In the light of the statements in your message, it is also important to emphasize the importance of respecting the principle of transparency by the operators, in your case, of your employer. The principle applies in particular to the relationship between the controller of the personal data and the individual whose data is processed and is derived from the provisions of Articles 13 and 14 of the General Regulation. According to the latter article, the employer should provide you with at least information about the purposes of processing your personal data, the legal basis for processing it, the types of personal data it processes (ie what your data is) the application will collect and be made available to the employer) and users of this information. The second paragraph of Article 14 sets out the additional information that the operator must provide to the individual, if necessary to ensure fair and transparent processing.
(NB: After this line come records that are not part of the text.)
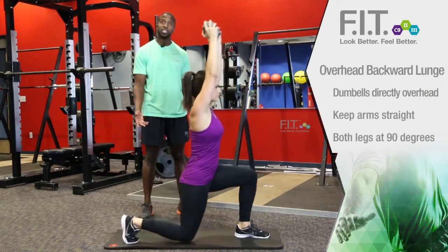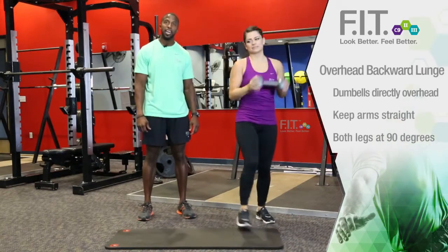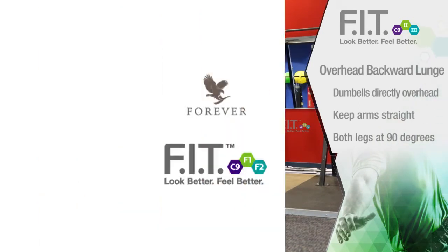Take a step back, knee touches the ground, and return. And that's how we do an overhead backward lunge.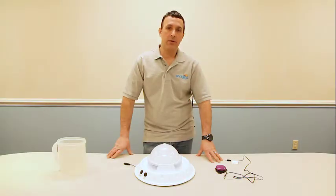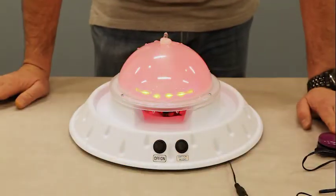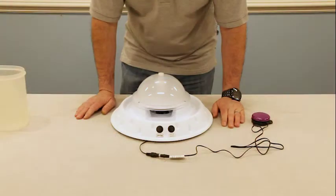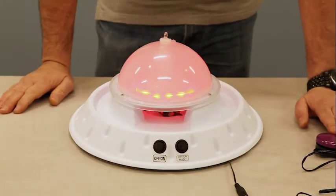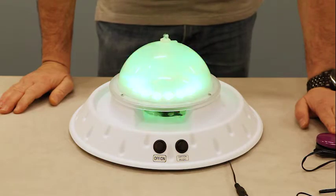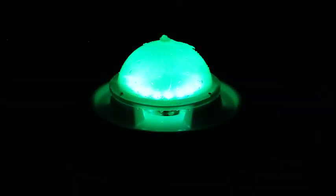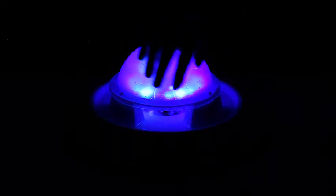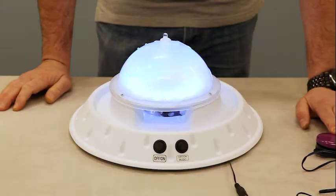Hi, Vinny Levorty here, technology specialist at Enabling Devices. Today I'd like to show you one of our products, the Aqua Dome, number 1691. I'm going to give you a quick demonstration to show you how it works.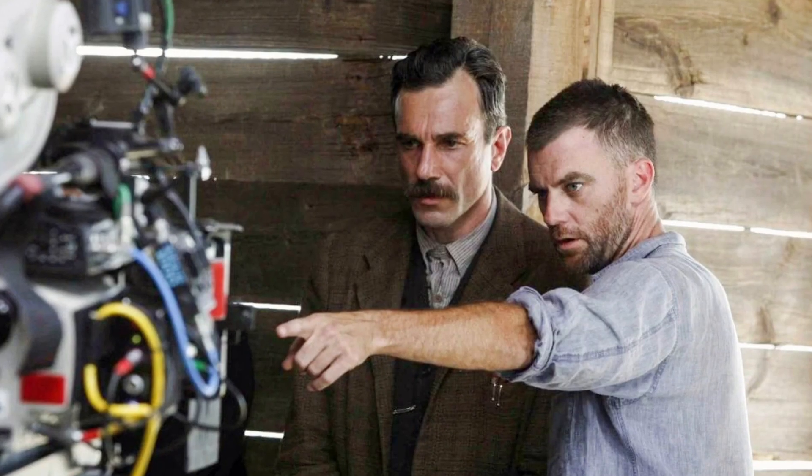Knowing what a metaphor is, is great. But seeing a master use it is even better. Check out my episode on the use of metaphors in Parasite. Now get out there and direct something.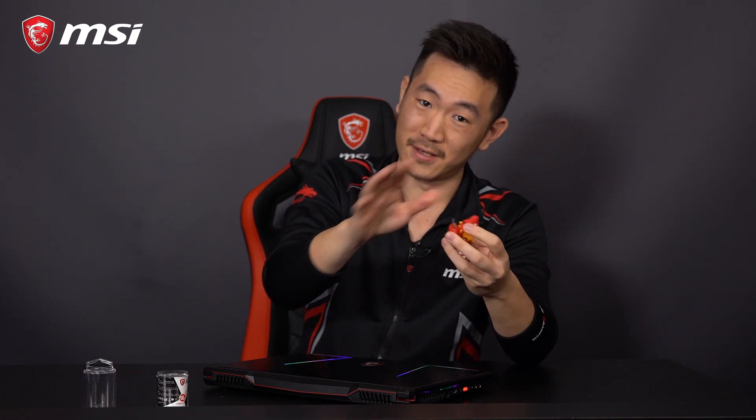I work for MSI so I'm going to use an MSI laptop, but today is all about the flash drive. You remove its head — kind of sounds wrong — but you do that and boom, there it is.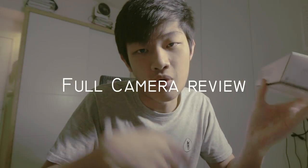Hello everybody, my name is Kaiyuan. Today I'm going to quick unbox the Sony Xperia XA1 Plus and do a full camera review.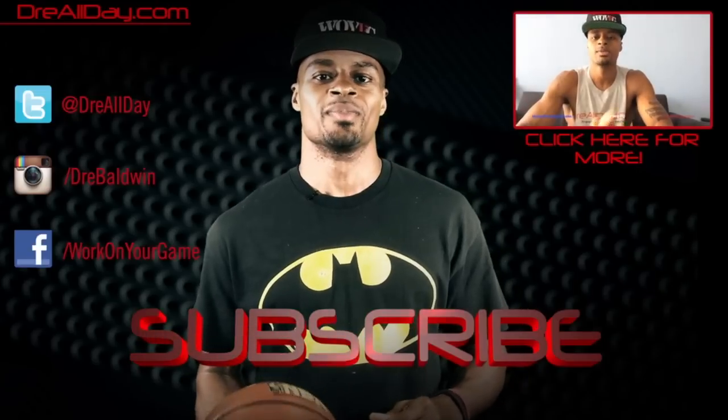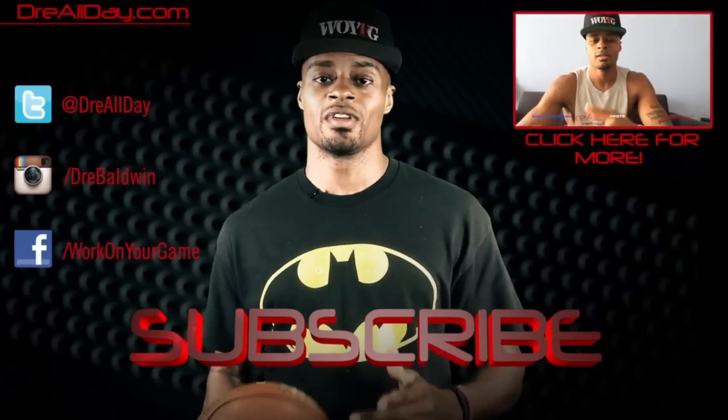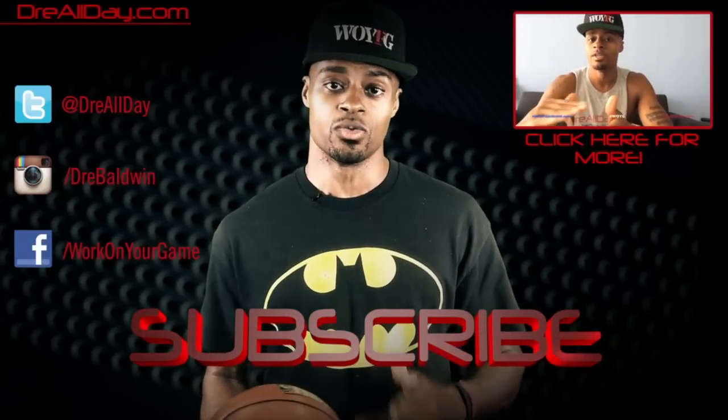It's a bounce up. Thanks for checking out this video. Make sure you follow all my top content up here, follow me on all your favorite social networks right over here, and make sure you are subscribed to catch all the new content I put on this channel every single day.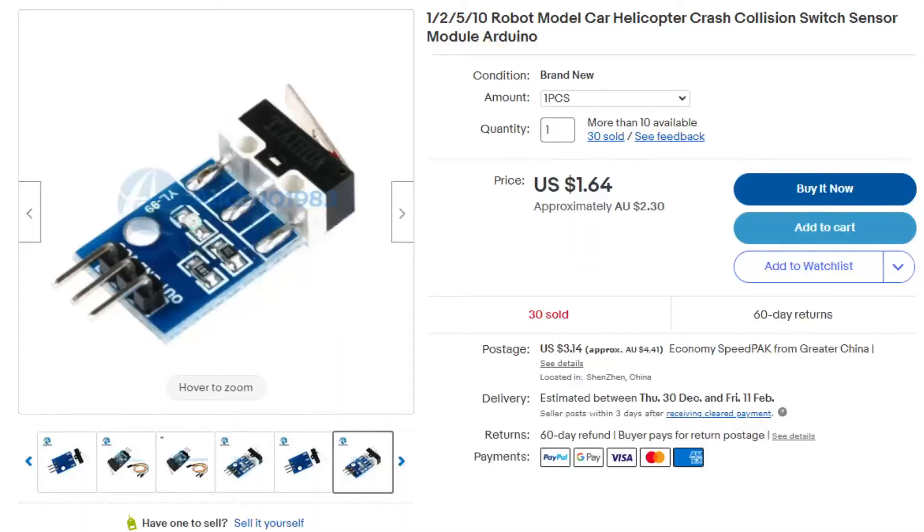Today I'm going to show you how to set up and wire a crash switch sensor module with an Arduino. I purchased the switch online — you can get these pretty commonly, they're quite cheap and you can buy them in bulk. A lot of people buy these switches for their robots or little self-moving cars. These switches are designed so that when they bump into something, it sends a digital output basically saying 'I've contacted something.'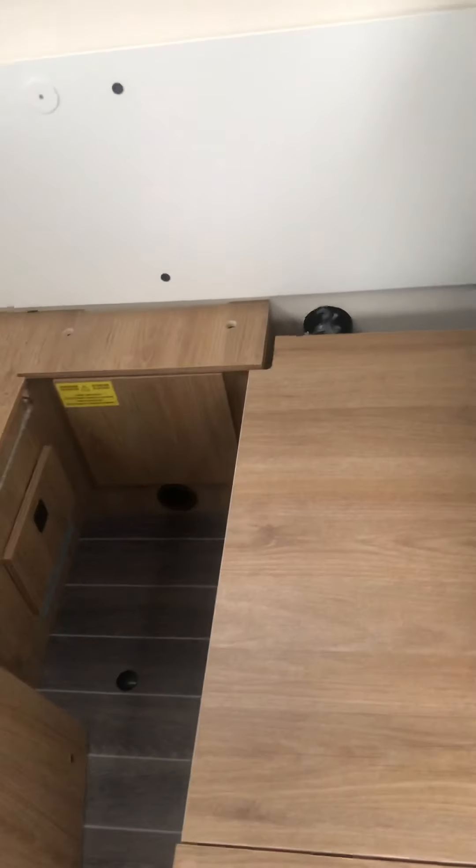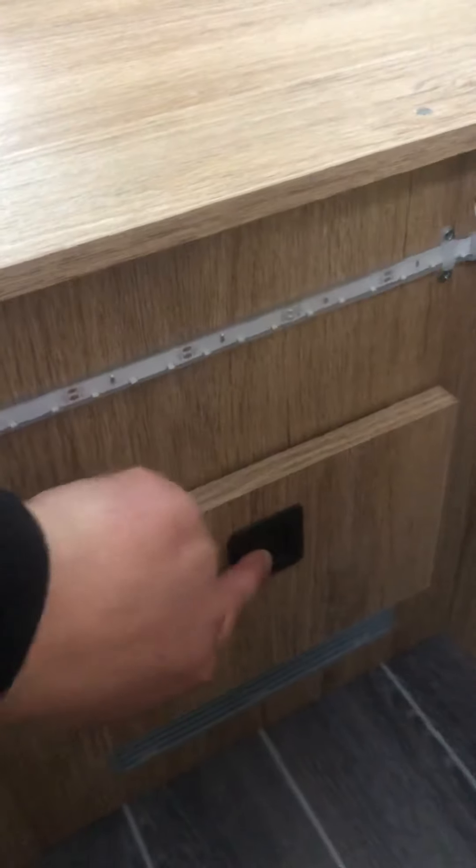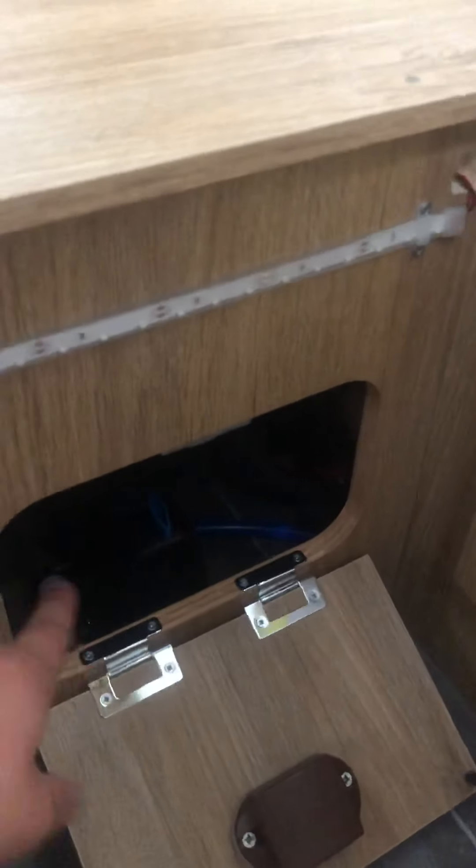Behind the driver's seat there are usually some cushions, which I've removed to show you. Under this block, push and release the little door and pull it down — your boiler is in here. This is where you release the water from your boiler. Turn the little blue valve and a blue button will pop out. You can hear the water coming out. The blue button has now popped out on the right-hand side. To close it, turn it back and push the button in.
The allegations in your letter indicate that your employer did not comply with this principle and did not provide you with the information referred to in Article 14 of the General Regulation, although he should have provided this information. In practice, IP notes that ambiguities and misunderstandings between personal data controllers and individuals also arise from the failure of the controller to respect the stated obligation. In the light of the above, you are advised to first remind the employer (operator) of compliance with the provisions of Article 14 of the General Regulation. If this does not respond to your warnings, or if the information provided under this Article indicates that the processing of personal data is not in accordance with the above rules of personal data protection, please file with our authority a report on the basis of which we will execute with the controller inspection procedure.